This is a screenshot from the Global Footprint Network. It shows a reduction in the UK’s ecological footprint. This is good news, right? Well, yes, the footprint is getting smaller, but it is exactly 4x the country’s biocapacity, leaving a significant ecological deficit.
An ecological deficit occurs when the Ecological Footprint of a population exceeds the biocapacity of the area available to that population. A national ecological deficit means that the nation is importing biocapacity through trade, liquidating national ecological assets or emitting carbon dioxide waste into the atmosphere. An ecological reserve exists when the biocapacity of a region exceeds its population’s Ecological Footprint.
I’m sharing these data because Earth Overshoot Day has just recalculated the date when “humanity’s demand for ecological resources and services in a given year exceeds what Earth can regenerate in that year” (link to quote). That date is now August 1st (back in the 1970s it was December 31st). Another way of putting it, and the way that Earth Overshoot Day likes to put it, is that we need 1.7 planets to support humanity’s demands on Earth’s ecosystems.
I say humanity, but some populations consume more than others. Per capita, Iceland, Norway and Bahrain (the highest consumers of electricity in 2016) consume more than Haiti, South Sudan and Niger (the lowest). Furthermore, The World Resources Institute have put together an interactive map of the globe so that you can see which countries emit the most CO2 over time. And it’s also important to point out that most of the heaviest emitters are not human at all, with one study suggesting that just 90 companies were responsible for two-thirds of all global CO2 emissions.
Earth Overshoot Day was reported in the Guardian a few days ago. It makes for the kind of depressing reading we’re becoming all-too accustomed to these days. But what caught the eye of some observers was a, perhaps throwaway, claim by the reports author Jonathan Watts:
The situation is reversible. Research by the group indicates political action is far more effective than individual choices. It notes, for example, that replacing 50% of meat consumption with a vegetarian diet would push back the overshoot date by five days.

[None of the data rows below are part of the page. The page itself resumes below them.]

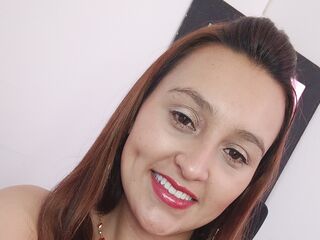 live show KarinaEmpress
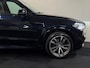BMW X5 XDrive40e iPerformance High Executive M-Pakket H&K|HUD|MEMORY|CARPLAY|TREKHAAK|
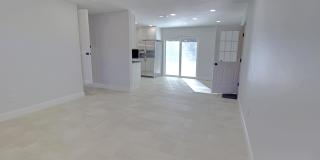 117 Glenn Bryant Road Gallery 4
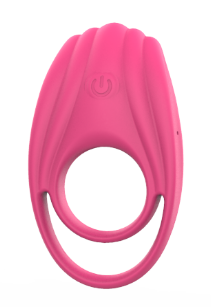 App-Controlled Vibrator — 90*52*28 — 2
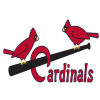 Cardinals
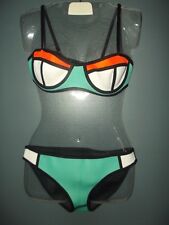 Maillot bain swimsuit d'occasion  Lille-
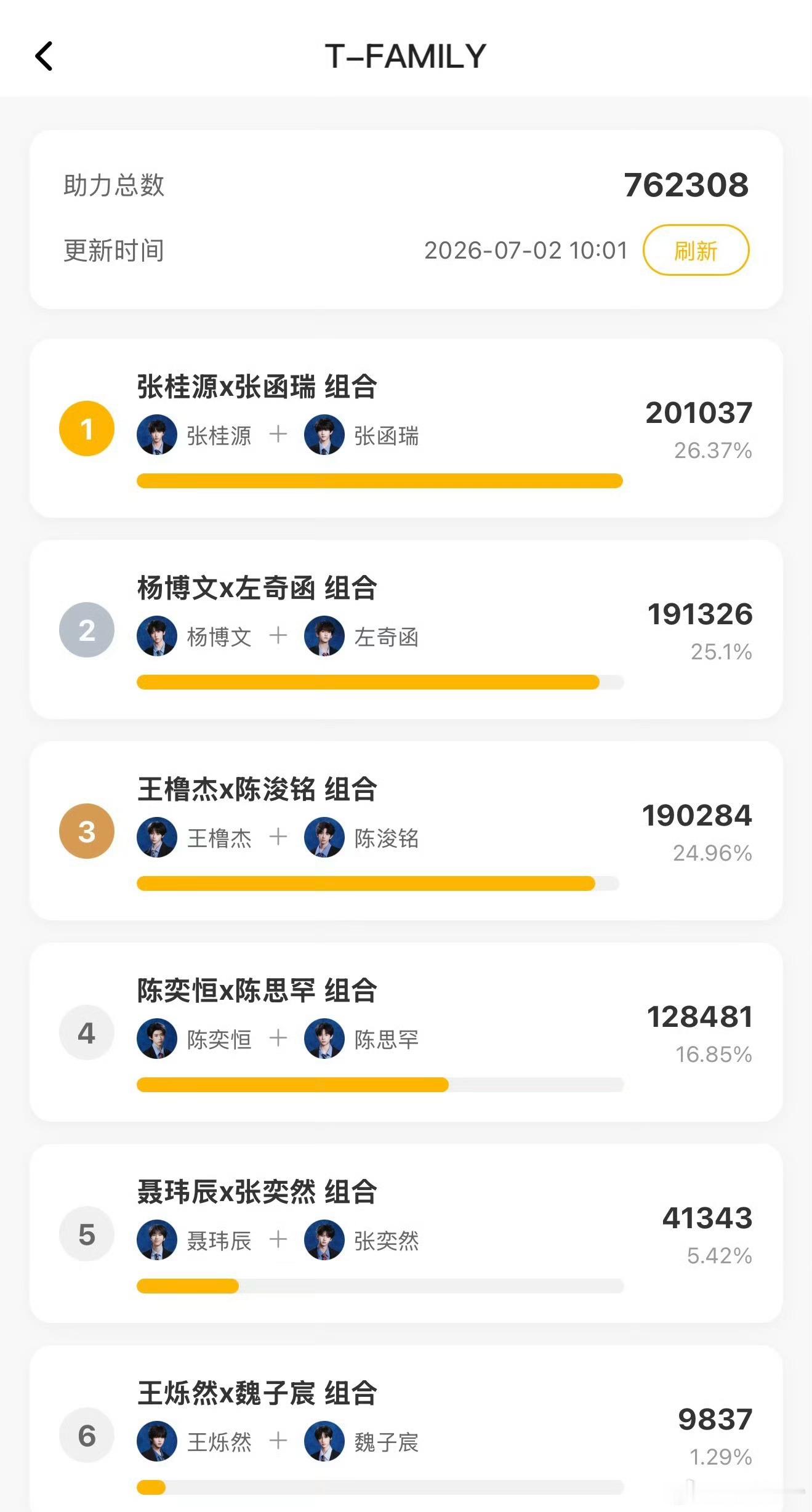 前面讲过的昨天评审时那个专家，买了个3万多的玉镯有瑕疵，店家不肯退款，于是她上法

It’s worth pointing out that this isn’t Watts’ best piece. It’s quite sloppy to be honest. For one, the research group doesn’t make this claim, and if it did it would contradict pretty much all of its subsequent analysis (all of the recommendations that flow from the group’s data are aimed at individual behaviour changes – ‘streamline your wardrobe’, ‘start a population conversation’, ‘travel with eco-sensibility’, etc). For another, individual choice and political action are not mutually exclusive. And, finally, the link to the 50% claim about switching from a meat to a vegetarian diet actually takes you to a different study reported in the Guardian in May 2018. But never mind that.

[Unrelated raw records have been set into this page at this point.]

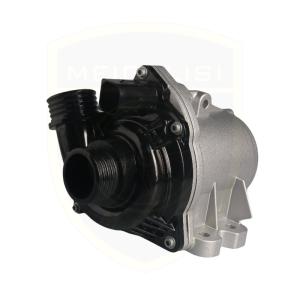 China 11517632426 11517588885 Coolant Water Pump BMW N54 N55 3.0L E61 E70 wholesale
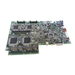 [PA03576-D878] Fsas Technologies Control PCA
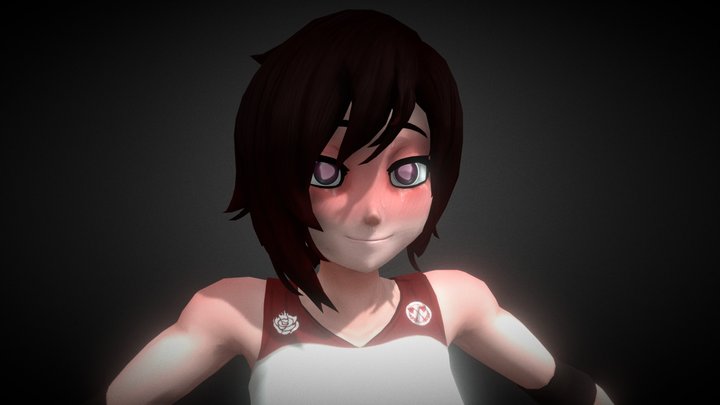 Gmod 3D models - Sketchfab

The distinction, wrong as it is, begs the question: What should we do about global warming? There have been various suggestions historically, and plenty on the table today. Perhaps the hardest thing to do, but also the most important, is to shift a gear from doing nothing to doing something. If you read little more than the Introduction to Naomi Klein’s fantastic book This Changes Everything, then at least you will have read her highly personal account of despair – how she would see something beautiful in nature but then immediately interpret it in apocalyptic terms. I’ve caught myself doing that this summer; maybe you have too? Klein’s response to this is honest and empowering:
“When fear like that used to creep through my armour of climate change denial, I would do my utmost to stuff it away, change the channel, click past it. Now I try to feel it…

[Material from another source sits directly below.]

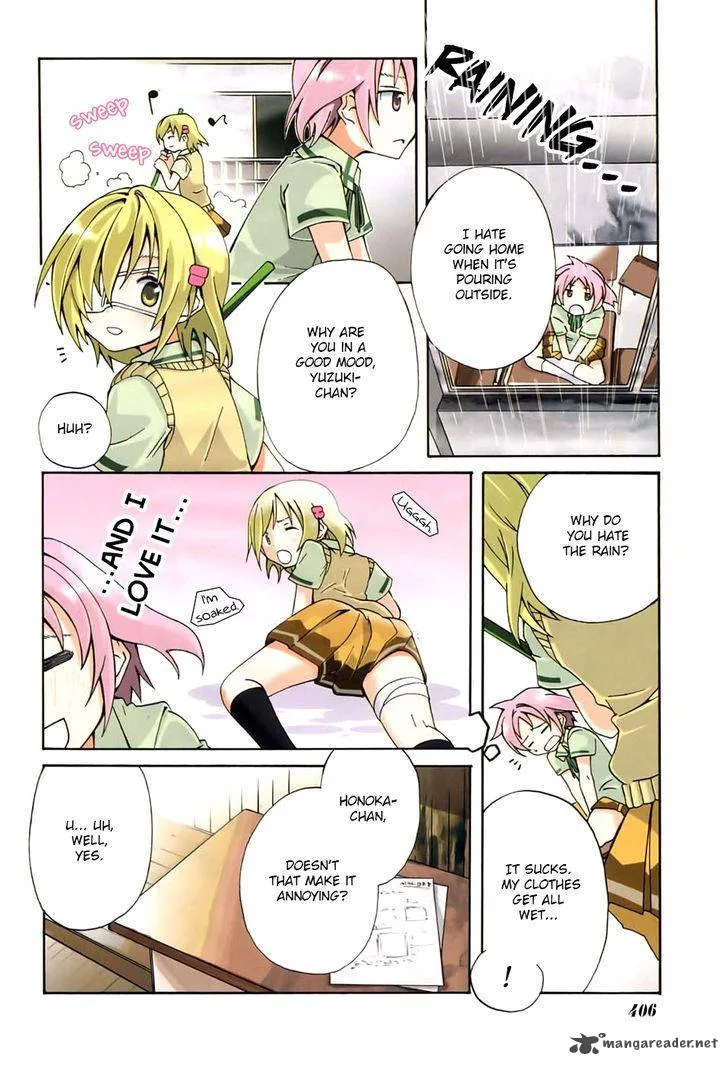 Rui-Rui Chapter 9 page 3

Next, use it. Fear is a survival response. Fear makes us run, it makes us leap, it can make us act superhuman. But we need somewhere to run to. Without that, the fear is only paralysing. So the real trick, the only hope, really, is to allow the terror of an unlovable future to be balanced and soothed by the prospect of building something much better…
It’s too late to stop climate change from coming; it’s already here, and increasingly brutal disasters are headed our way no matter what. But it’s not too late to avert the worst, and there is still time to change ourselves so that we are far less brutal to one another when those disasters strike.” p28
Having conquered our fears and decided to act, there are things we can do in the immediate term. Next hardest: start talking about global warming like it’s actually an existential crisis and not just a minor inconvenience. This idea has been percolating global health discourse since Costello and Watts urged us all “to shout from the rooftops that climate change is a health problem”. That was five years ago – do you hear any shouting? No, well there’s plenty to shout about, as the PLOS Collections special series on climate change and health makes abundantly clear: sewage from storm water, heat-related mortality trends (see extract from the New York Times article below), wild fires, women’s health, ozone-related acute excess mortality, nutritional deficiencies, reduced cognitive functioning, the list of health-related impacts of global warming are without limit it seems.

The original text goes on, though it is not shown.